▶ _TASK BRIEF_:
An exact copy of the entries below is required, with all pictures removed.

▶ _INFORMATION_:
┏━━

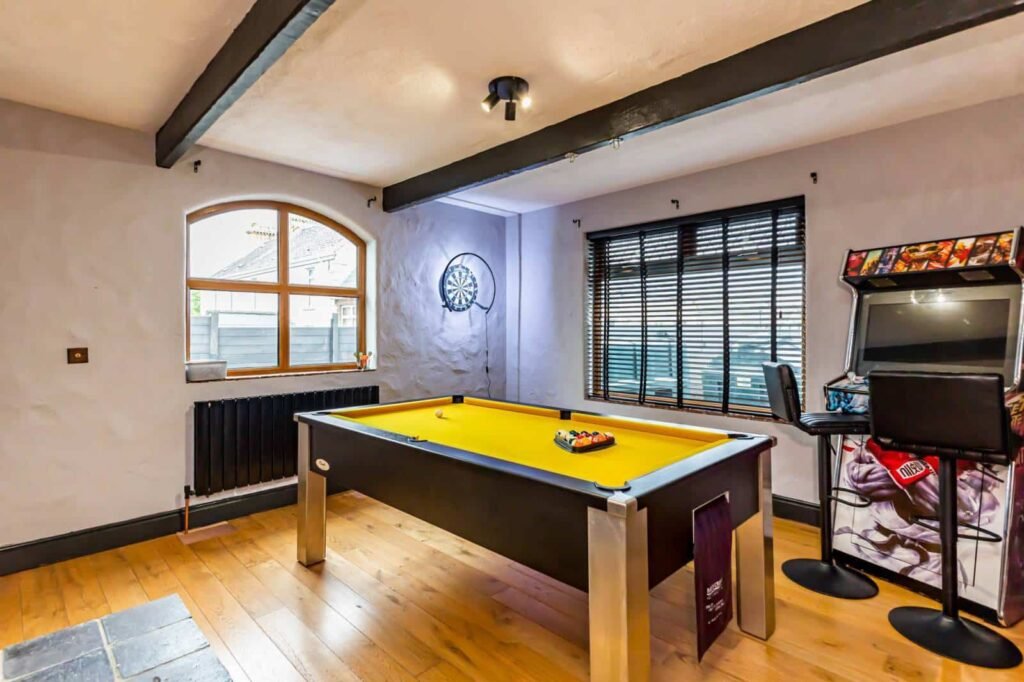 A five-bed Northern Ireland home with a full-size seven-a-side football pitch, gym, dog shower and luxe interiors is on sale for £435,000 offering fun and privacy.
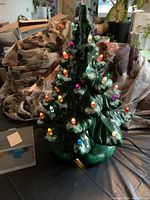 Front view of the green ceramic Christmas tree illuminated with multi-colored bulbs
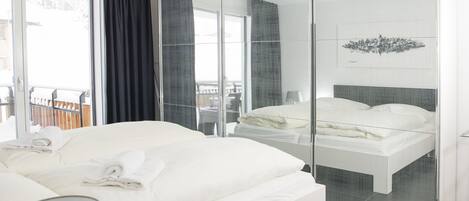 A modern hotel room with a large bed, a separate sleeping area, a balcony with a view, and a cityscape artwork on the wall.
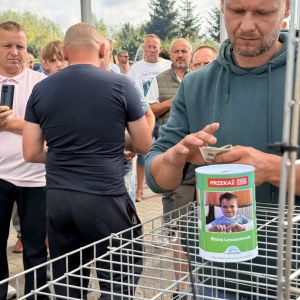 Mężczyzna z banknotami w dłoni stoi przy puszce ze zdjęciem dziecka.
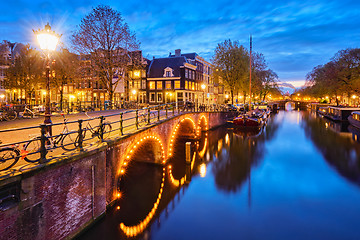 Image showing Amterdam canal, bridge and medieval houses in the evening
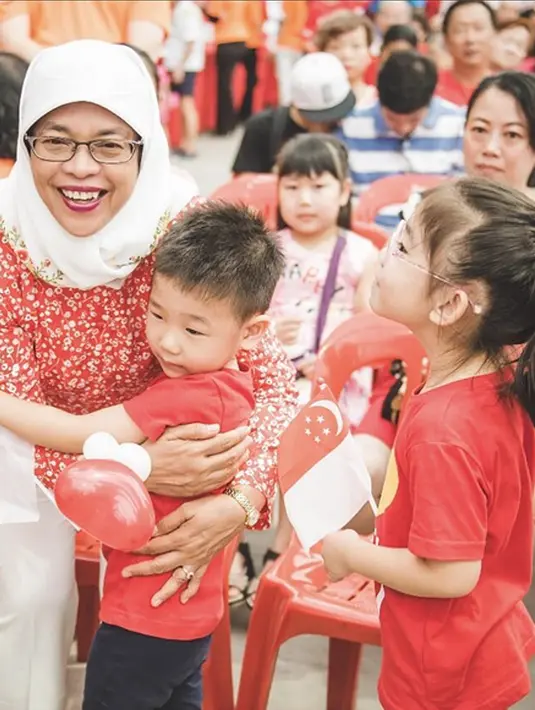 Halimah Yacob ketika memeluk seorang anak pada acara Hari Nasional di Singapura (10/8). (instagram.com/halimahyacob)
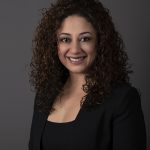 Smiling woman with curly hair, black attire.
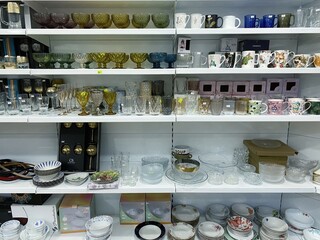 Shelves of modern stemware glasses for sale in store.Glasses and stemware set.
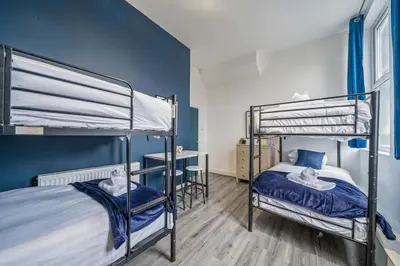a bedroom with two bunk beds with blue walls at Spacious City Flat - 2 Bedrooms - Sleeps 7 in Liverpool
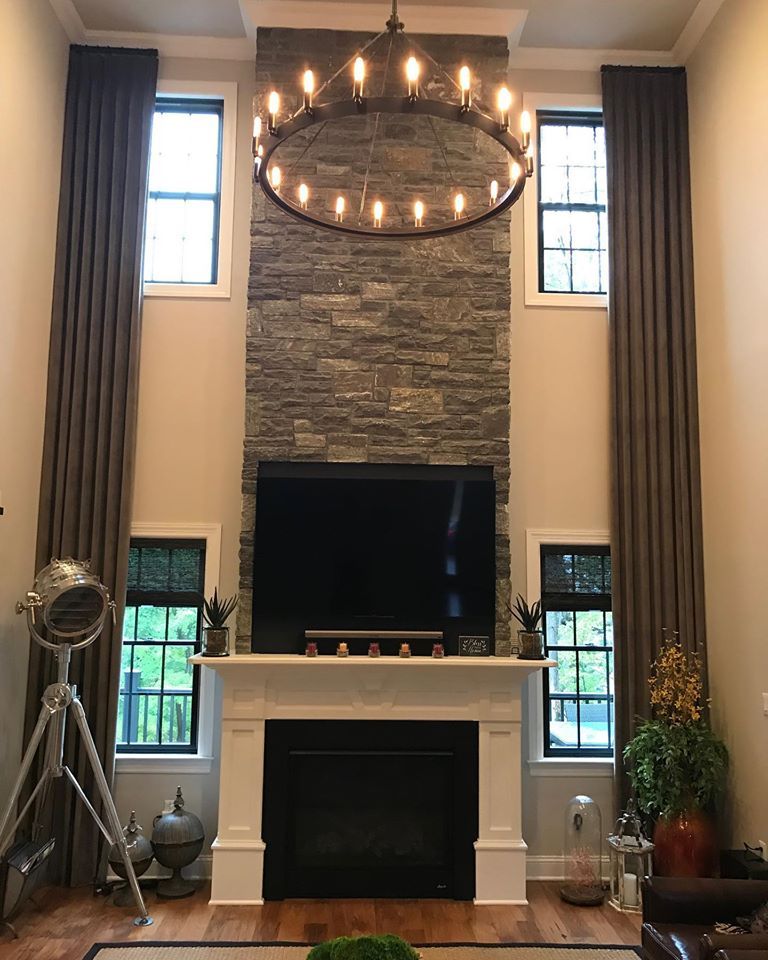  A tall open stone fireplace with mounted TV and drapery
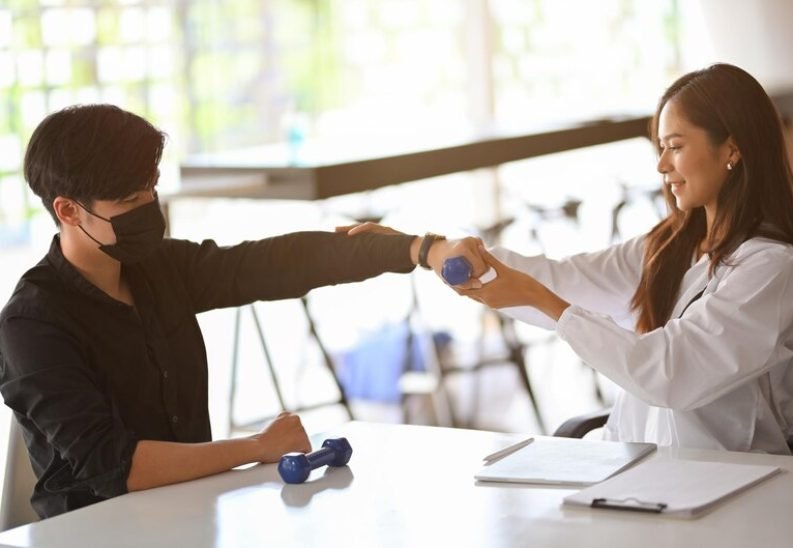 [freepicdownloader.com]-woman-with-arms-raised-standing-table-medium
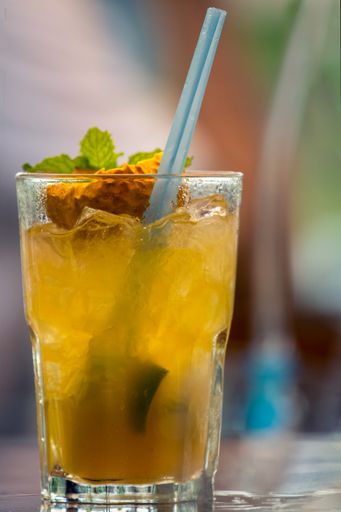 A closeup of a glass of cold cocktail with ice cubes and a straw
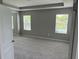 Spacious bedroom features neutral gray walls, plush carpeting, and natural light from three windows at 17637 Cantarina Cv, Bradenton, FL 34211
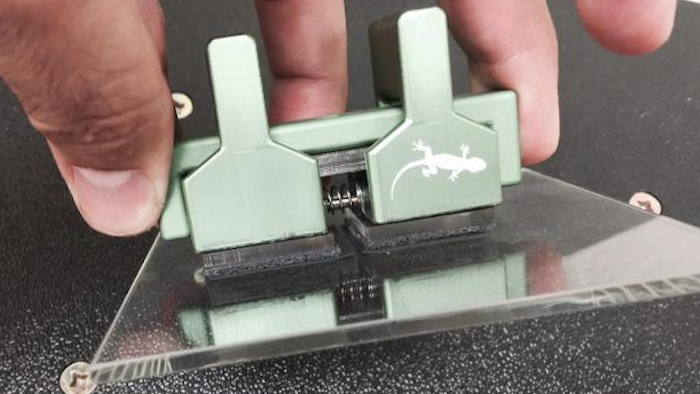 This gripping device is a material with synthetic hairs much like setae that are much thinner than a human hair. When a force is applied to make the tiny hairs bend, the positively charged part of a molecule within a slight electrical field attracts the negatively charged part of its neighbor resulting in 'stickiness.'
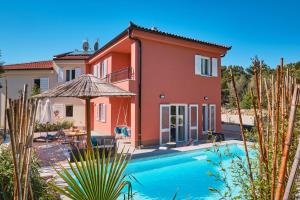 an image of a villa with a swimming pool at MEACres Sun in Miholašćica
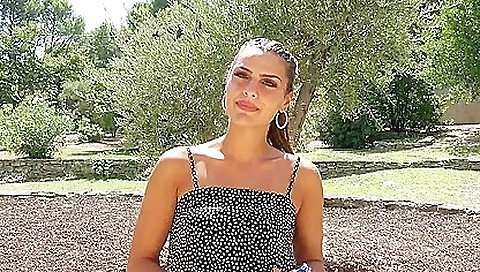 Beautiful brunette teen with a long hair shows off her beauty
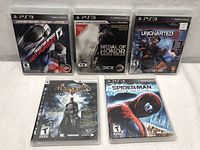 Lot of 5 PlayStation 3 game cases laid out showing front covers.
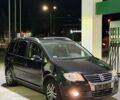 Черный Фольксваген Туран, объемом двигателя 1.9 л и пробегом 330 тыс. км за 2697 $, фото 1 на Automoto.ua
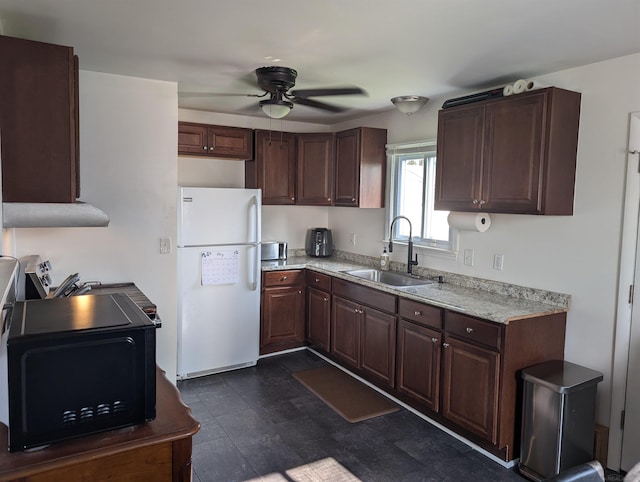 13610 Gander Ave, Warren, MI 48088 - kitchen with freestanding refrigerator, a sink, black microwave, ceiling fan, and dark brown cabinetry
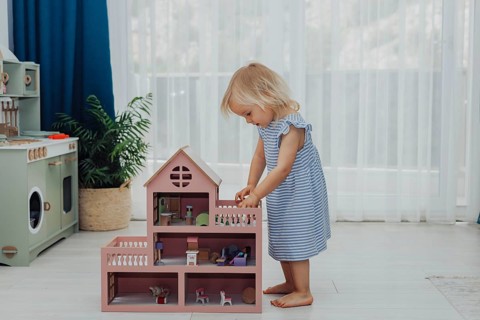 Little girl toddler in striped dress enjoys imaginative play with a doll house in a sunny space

┗━━

▶ _EXPECTED ANSWER_:
 A five-bed Northern Ireland home with a full-size seven-a-side football pitch, gym, dog shower and luxe interiors is on sale for £435,000 offering fun and privacy.
 Front view of the green ceramic Christmas tree illuminated with multi-colored bulbs
 A modern hotel room with a large bed, a separate sleeping area, a balcony with a view, and a cityscape artwork on the wall.
 Mężczyzna z banknotami w dłoni stoi przy puszce ze zdjęciem dziecka.
 Image showing Amterdam canal, bridge and medieval houses in the evening
 Halimah Yacob ketika memeluk seorang anak pada acara Hari Nasional di Singapura (10/8). (instagram.com/halimahyacob)
 Smiling woman with curly hair, black attire.
 Shelves of modern stemware glasses for sale in store.Glasses and stemware set.
a bedroom with two bunk beds with blue walls at Spacious City Flat - 2 Bedrooms - Sleeps 7 in Liverpool
  A tall open stone fireplace with mounted TV and drapery
 [freepicdownloader.com]-woman-with-arms-raised-standing-table-medium
 A closeup of a glass of cold cocktail with ice cubes and a straw
 Spacious bedroom features neutral gray walls, plush carpeting, and natural light from three windows at 17637 Cantarina Cv, Bradenton, FL 34211
 This gripping device is a material with synthetic hairs much like setae that are much thinner than a human hair. When a force is applied to make the tiny hairs bend, the positively charged part of a molecule within a slight electrical field attracts the negatively charged part of its neighbor resulting in 'stickiness.'
 an image of a villa with a swimming pool at MEACres Sun in Miholašćica
 Beautiful brunette teen with a long hair shows off her beauty
 Lot of 5 PlayStation 3 game cases laid out showing front covers.
 Черный Фольксваген Туран, объемом двигателя 1.9 л и пробегом 330 тыс. км за 2697 $, фото 1 на Automoto.ua
 13610 Gander Ave, Warren, MI 48088 - kitchen with freestanding refrigerator, a sink, black microwave, ceiling fan, and dark brown cabinetry
 Little girl toddler in striped dress enjoys imaginative play with a doll house in a sunny space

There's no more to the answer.